Thursday, September 16, 2010

Killion on Wolff & MLB $$ Leaks

In the time since Ann Killion left The San Jose Mercury News for CSN Bay Area and Sports Illustrated, she has written some very critical columns about Lew Wolff and John Fisher.

Last week the South Bay columnist wrote another one about Wolff, this time featuring the headline: "A's could contend, but owners would rather move to San Jose."

Killion referred to the recent leak about the finances of several MLB teams. Those leaks were especially embarrassing for the Pirates and the Marlins – two franchises who had cried poor to get publicly financed stadiums built for them. But the leaks showed that the Pirates and Marlins, and their owners, have been dishonest about their finances.

Killion noted that Fisher and Wolff caught a break when the leaks did not include the Athletics' real financial figures.
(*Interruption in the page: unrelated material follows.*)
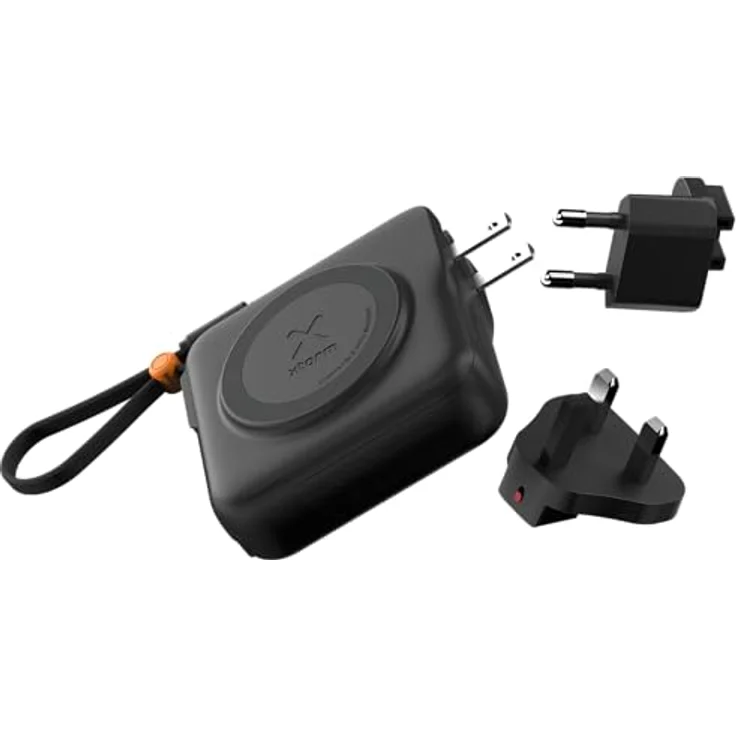 Xtorm TravelPro 30W 3-in-1 MagSafe Powerbank, 10.000 mAh, schwarz, mit integriertem Reiseadapter und zwei USB-C-Kabeln – Bild 1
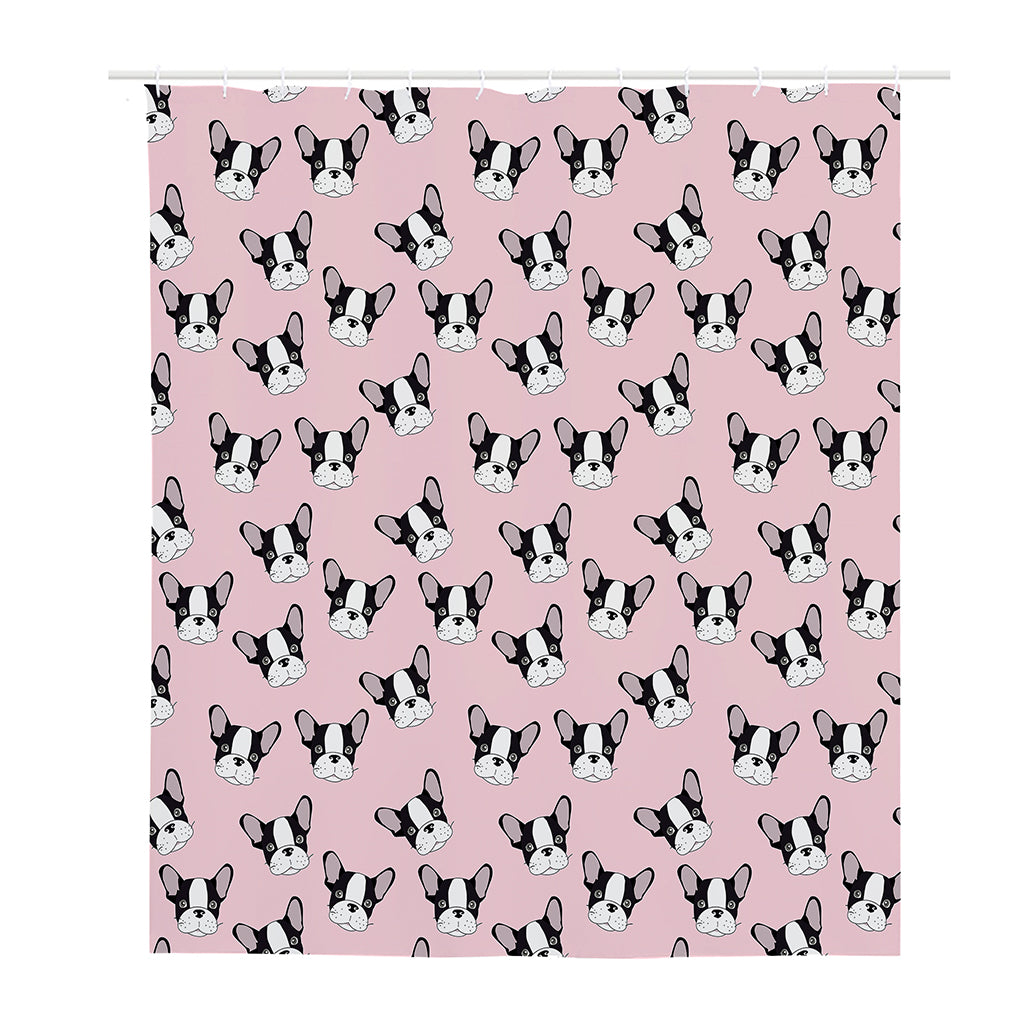 Cartoon French Bulldog Pattern Print Polyester Shower Curtain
Killion wrote:

It would be a bit distasteful to have the details of their role as a baseball welfare recipient exposed, especially while Fisher's family has a fine art collection being shown at the San Francisco Museum of Modern Art ("Calder to Warhol," running through Sept. 19).

Why would it be distasteful for Wolff and Fisher? Killion explains:

Wolff and Fisher -- who have been eyeing San Jose since they bought the team in 2005 -- would like you to believe that they've done all they can to make it work in Oakland, though boosting their team's payroll and adding pieces that could help fuel a serious playoff run hasn't been among their strategies.

Killion's column echoes similar ones penned recently by longtime sportswriters Ray Ratto, Monte Poole, and Lowell Cohn. And Killion even took a shot at Billy Beane, who usually avoids the barbs of most sportswriters. Here's Killion's take:

The A's were in virtually the same position at the July trade deadline and clearly in need of some offensive help, yet ... General manager Billy Beane was happy to uncharacteristically sit on the sidelines and do nothing.

So, according to Killion, the A's owners are not willing to spend any money or time to improve some of the franchise's problems. As we've seen in other cities, new ballparks are no panaceas for revenue problems. Just as many new ballparks fail to solve a team's competition problems and money woes as there are successful ones. It all comes down to ownership. So, until Wolff and Fisher either change course and work hard and show fans that they care, or until they sell the team to an owner who will do those things, then A’s fans will continue to be stuck in limbo.